What you are asked to do -
Everything below from the line with "fate l'affare! Samsung" through the line with "Pousada Som Das" should be copied exactly, and nothing else; leave out the pictures.

Task material -

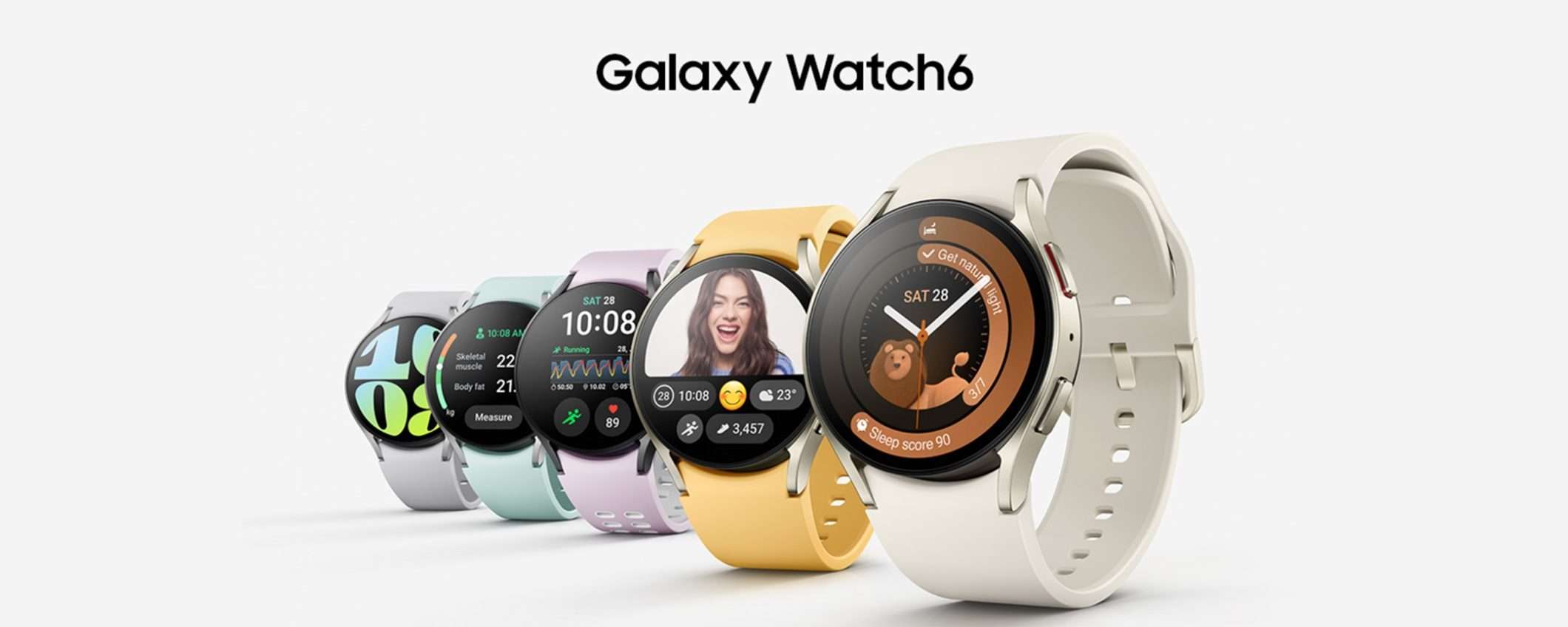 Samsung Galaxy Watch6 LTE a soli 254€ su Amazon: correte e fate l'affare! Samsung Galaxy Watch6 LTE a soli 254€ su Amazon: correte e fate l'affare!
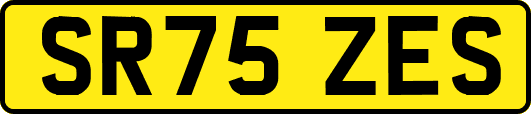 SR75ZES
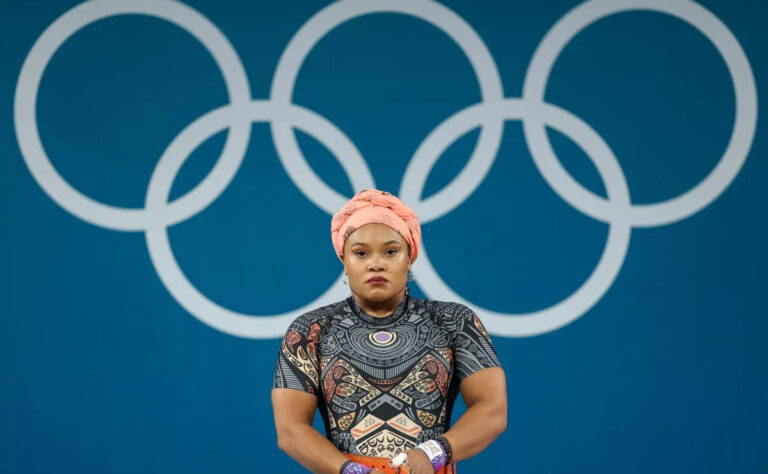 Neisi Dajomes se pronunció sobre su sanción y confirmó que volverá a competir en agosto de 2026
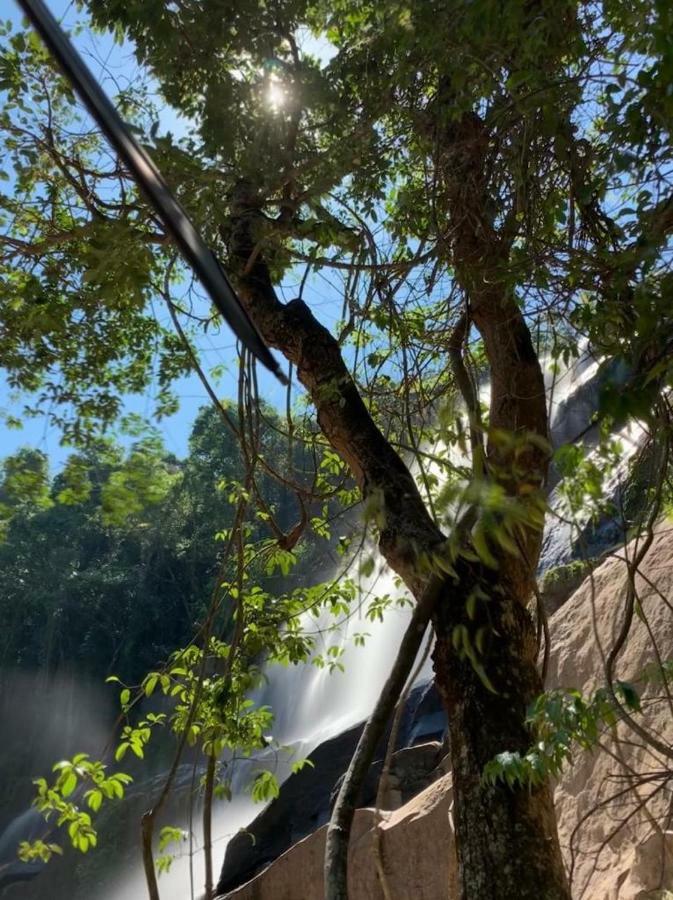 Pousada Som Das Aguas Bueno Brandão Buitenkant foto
--
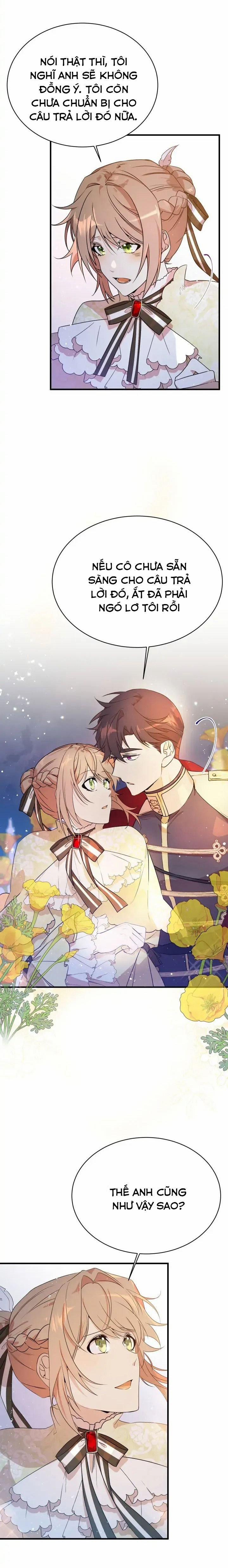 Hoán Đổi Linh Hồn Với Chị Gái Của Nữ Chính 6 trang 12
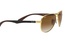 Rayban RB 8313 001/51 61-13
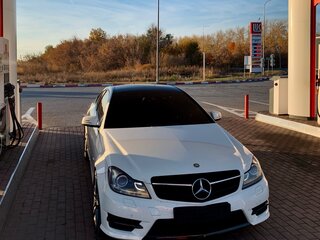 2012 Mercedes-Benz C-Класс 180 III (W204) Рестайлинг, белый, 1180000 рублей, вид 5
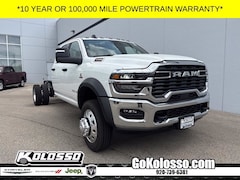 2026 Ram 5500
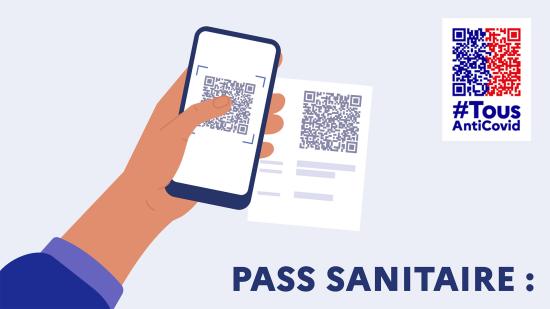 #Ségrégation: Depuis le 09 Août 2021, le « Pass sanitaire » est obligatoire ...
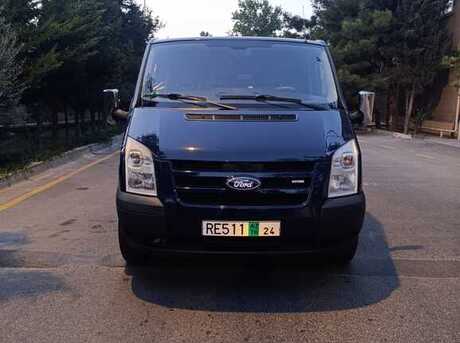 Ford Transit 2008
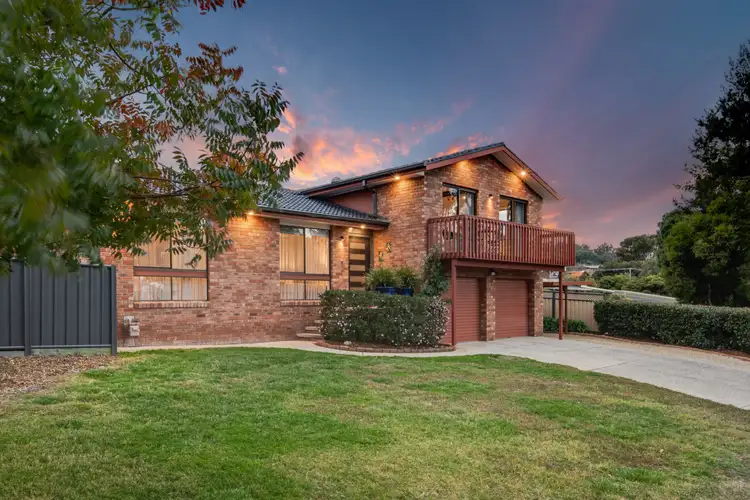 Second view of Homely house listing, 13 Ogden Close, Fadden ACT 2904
---
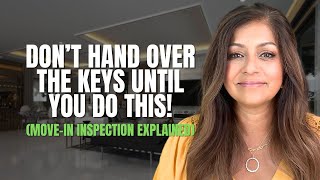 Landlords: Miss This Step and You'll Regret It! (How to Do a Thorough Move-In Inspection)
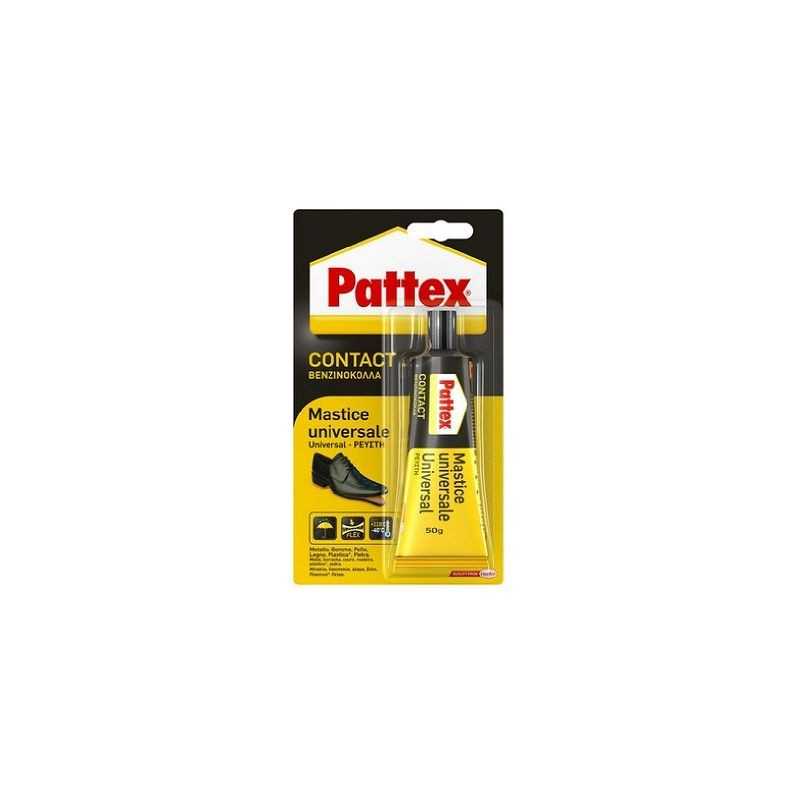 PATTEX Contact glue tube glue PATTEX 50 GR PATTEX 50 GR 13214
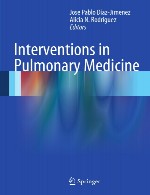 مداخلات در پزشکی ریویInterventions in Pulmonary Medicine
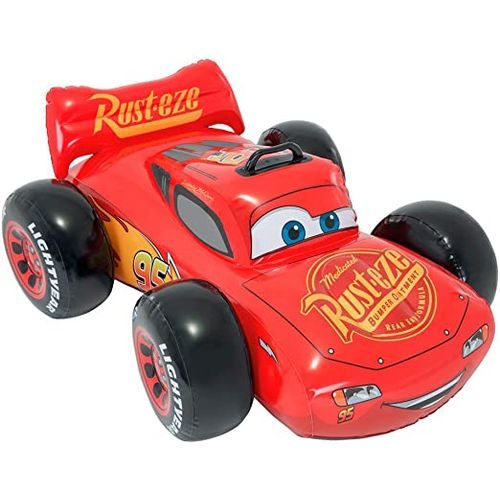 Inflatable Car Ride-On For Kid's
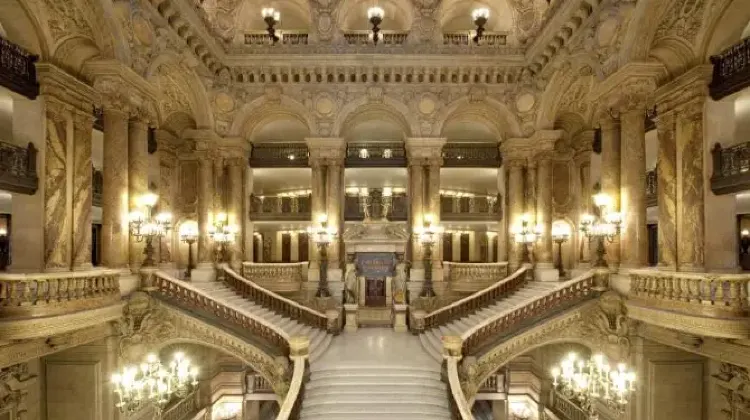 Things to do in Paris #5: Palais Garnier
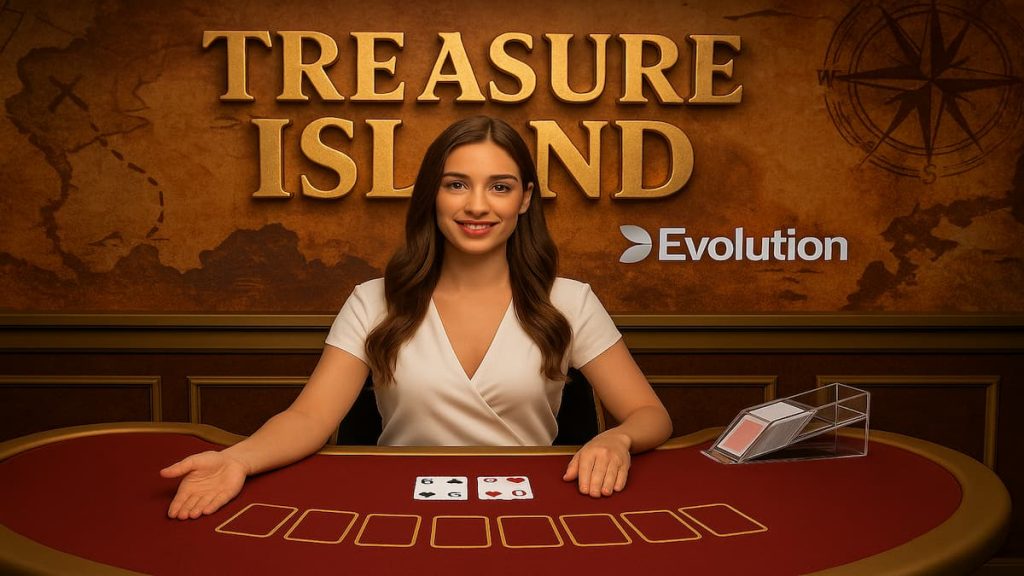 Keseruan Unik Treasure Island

Answer section -
 Samsung Galaxy Watch6 LTE a soli 254€ su Amazon: correte e fate l'affare! Samsung Galaxy Watch6 LTE a soli 254€ su Amazon: correte e fate l'affare!
 SR75ZES
 Neisi Dajomes se pronunció sobre su sanción y confirmó que volverá a competir en agosto de 2026
 Pousada Som Das Aguas Bueno Brandão Buitenkant foto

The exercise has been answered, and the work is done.